Monday, March 05, 2012
Tomorrow, it will be three years since I joined the Dead Dad Club. I found the post that I wrote a few days after he died and I'm amazed at my ability to think clearly enough to at least try to express my thoughts and feelings in words. The day he died and the ones that followed are all a blur to me now. I was in pain and I relied heavily on friends to continue breathing in and out after my dad stopped.
Reading that post made me think about where I am today with dealing with his death. Well, he's still dead and, to paraphrase George O'Malley, I still have trouble "existing in a world where he doesn't." My dad and I only saw each other a couple times a year and spoke on the phone every couple of weeks, but I always knew he was there. And now he's not.
But then again, he sort of is.
He's there every time I make coffee and pour the first, very strong cup. I hear his voice saying, "That coffee will set you free!" and laughing like he was saying this "hysterical" line for the very first time and not the five hundredth.

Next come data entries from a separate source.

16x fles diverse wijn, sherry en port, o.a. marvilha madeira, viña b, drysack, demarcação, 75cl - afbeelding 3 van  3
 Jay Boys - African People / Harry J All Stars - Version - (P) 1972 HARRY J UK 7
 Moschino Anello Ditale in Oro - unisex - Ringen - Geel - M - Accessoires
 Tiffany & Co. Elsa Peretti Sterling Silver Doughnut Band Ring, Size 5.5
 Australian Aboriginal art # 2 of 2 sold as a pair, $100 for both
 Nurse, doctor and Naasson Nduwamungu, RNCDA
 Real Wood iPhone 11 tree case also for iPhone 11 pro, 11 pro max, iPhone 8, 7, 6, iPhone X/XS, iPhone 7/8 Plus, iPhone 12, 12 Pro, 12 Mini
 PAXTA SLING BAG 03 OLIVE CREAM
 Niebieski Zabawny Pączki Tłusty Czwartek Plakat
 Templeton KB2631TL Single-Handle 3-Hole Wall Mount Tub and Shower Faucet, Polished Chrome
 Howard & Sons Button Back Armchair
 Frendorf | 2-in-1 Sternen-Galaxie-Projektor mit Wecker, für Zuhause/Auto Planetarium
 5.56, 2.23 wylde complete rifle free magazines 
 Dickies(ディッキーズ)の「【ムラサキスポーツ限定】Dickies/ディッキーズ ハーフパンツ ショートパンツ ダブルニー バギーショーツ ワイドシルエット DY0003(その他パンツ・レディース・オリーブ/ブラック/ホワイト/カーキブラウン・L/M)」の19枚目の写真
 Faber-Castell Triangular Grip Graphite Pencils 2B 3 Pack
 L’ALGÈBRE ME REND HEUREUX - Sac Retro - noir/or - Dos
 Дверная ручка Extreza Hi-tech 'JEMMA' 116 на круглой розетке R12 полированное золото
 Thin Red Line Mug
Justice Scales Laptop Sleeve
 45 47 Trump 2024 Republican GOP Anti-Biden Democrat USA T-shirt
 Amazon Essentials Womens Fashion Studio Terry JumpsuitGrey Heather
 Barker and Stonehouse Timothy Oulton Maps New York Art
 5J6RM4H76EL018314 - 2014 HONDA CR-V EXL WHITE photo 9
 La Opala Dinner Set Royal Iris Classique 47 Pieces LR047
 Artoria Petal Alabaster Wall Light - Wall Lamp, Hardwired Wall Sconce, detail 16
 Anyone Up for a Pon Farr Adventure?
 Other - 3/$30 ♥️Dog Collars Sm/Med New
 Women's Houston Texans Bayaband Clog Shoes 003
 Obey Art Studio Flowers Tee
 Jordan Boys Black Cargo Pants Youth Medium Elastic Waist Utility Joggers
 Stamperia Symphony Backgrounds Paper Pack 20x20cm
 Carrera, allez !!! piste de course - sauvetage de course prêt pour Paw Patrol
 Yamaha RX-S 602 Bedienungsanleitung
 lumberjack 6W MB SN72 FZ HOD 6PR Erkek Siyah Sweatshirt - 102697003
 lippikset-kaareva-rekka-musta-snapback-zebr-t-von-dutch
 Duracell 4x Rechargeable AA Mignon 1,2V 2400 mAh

He's there when I wear the hiking boots he left at my house the winter before he died. He told me not to bother shipping them back to him since he had no need for winter boots in Florida. He said that he would use them the following winter when he came for a visit. There never was another visit so I wear the boots with an extra pair of socks and feel like he's walking with me.
He's there when I hear sound bites from the Republican presidential primary candidates. I hear him dismissing them with a bunch of swears preceding "conservative crackpots."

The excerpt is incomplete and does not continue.